Friday, February 5, 2010

Sadly The Final Blog

Ethan Beswick

As I sit here in LAX, all that is left to do is reflect upon the past month, lest I remember that classes start in just a few days.  From our Maori visits to hiking the Tongariro Alpine crossing, there has rarely been a dull moment, save for the last few days at the Uni.  However, Dull is an imprecise word but I use it because the stresses of the journey morphed constantly and kept the trip constantly interesting.  From joy and amazement to practically needing to get away from each other to hiking mountain passes and sleeping (err… studying!) on beaches, we have seen a rollercoaster of every part of our senses over this past month. This is not to say that this trip wasn't an exceptional experience, for it is the ardors of travel that make the situations so memorable.

Before departure, I had made a point to sample the delicacies of the Land of the Long White Cloud, but only after starting to understand the locals and viewing the heralded sights that these small islands have to offer.   I feel that all of these goals were achieved to a degree that I could never have imagined, but let's be honest, you can never have enough good food, so I will work on that again next time I visit.  The bond of cultures in New Zealand is an exceptional combination that has rarely been seen over the years and the sights and sounds and smells should be experienced by all lest we forget what true beauty actually is.  It must not be forgotten the numerous facts and information that I learned from the classes, which is particularly important to me as I truly felt like the stupidest person for 10000 miles when I heard many people discuss the material very early on.
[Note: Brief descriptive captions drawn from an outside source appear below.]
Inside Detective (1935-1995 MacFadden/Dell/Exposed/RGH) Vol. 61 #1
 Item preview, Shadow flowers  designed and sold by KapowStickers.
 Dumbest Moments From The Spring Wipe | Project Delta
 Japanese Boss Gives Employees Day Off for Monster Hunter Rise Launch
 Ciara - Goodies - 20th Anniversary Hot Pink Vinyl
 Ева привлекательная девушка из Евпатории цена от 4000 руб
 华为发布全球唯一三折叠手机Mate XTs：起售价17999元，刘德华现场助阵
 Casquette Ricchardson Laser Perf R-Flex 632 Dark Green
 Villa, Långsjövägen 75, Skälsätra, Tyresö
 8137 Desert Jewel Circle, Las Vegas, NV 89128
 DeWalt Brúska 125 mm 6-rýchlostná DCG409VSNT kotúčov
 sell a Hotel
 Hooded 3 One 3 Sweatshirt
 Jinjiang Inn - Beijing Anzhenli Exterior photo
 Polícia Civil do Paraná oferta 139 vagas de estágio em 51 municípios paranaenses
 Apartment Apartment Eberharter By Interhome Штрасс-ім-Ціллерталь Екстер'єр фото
            This trip has shown me a lot of New Zealand but it has also revealed things about myself and others.  This will most likely be one of my last opportunities to travel in such a large group, which has been an experience, but what I will miss is the insightful discussions, lectures, experiences, and information that Art, Doug, Adam, Stu, and every other helpful Kiwi we found was more than willing to share with us.  I have found that it is rarely what you see but in what context and who you share it with, and I am glad that my first experience was with all of you, and you all have the desire to come back and explore the South Island as much as I do.

            We will be the heard of turtles marauding through a field of peanut butter forever.